Hemodynamic parameters in a neonatal lamb asphyxia model with transitioning circulation did not predict success of ROSC. Lactic acidosis, higher PaO2 and lower PaCO2 observed in the lambs that did not achieve ROSC may represent a state of inadequate tissue perfusion and/or mitochondrial dysfunction.
在一个具有胎儿分流和充满液体肺泡的过渡性胎儿循环模型中,目前关于新生儿复苏期间肺/体循环血流动力学和气体交换的知识有限。我们使用胎羊窒息模型,试图确定血流动力学或气体交换参数是否能预测自主循环恢复(ROSC)成功。
在22只羔羊中阻断脐带以诱导窒息性心脏骤停。心搏停止5分钟后,按照美国心脏协会新生儿复苏计划指南开始复苏。在复苏过程中评估血流动力学参数和系列动脉血气。

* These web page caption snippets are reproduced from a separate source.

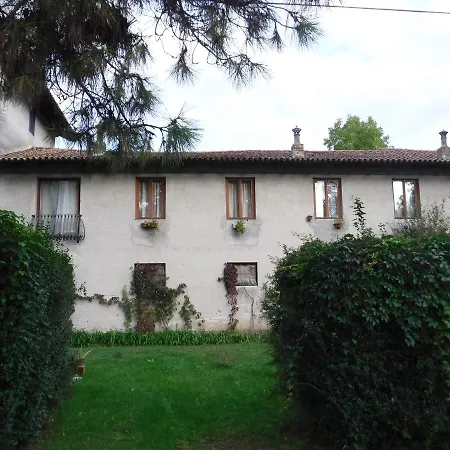 Stasion Di Pueste Nogaredo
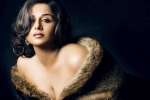 Vidya Balan latest, Vidya Balan news, vidya balan turns ultra sensuous, Kahaani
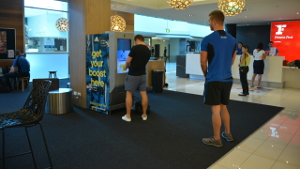 在澳大利亚投放在健身房的智能售货机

18只羔羊(82%)实现了ROSC,中位(IQR)时间为120(105 - 180)秒。实现ROSC的羔羊与未实现ROSC的羔羊在基线和复苏期间任何给定时间点的血流动力学参数没有差异。复苏前心搏停止时的血气在两组之间具有可比性。然而,实现ROSC的羔羊在复苏期间的动脉血氧分压较低、动脉血二氧化碳分压较高且乳酸水平较低。肾上腺素诱导实现ROSC的羔羊舒张压升高(11±4 mmHg)与未复苏的羔羊(10±6 mmHg)没有差异。低舒张压足以实现ROSC。
在具有过渡性循环的新生羔羊窒息模型中,血流动力学参数不能预测ROSC是否成功。在未实现ROSC的羔羊中观察到的乳酸酸中毒、较高的动脉血氧分压和较低的动脉血二氧化碳分压可能代表组织灌注不足和/或线粒体功能障碍的状态。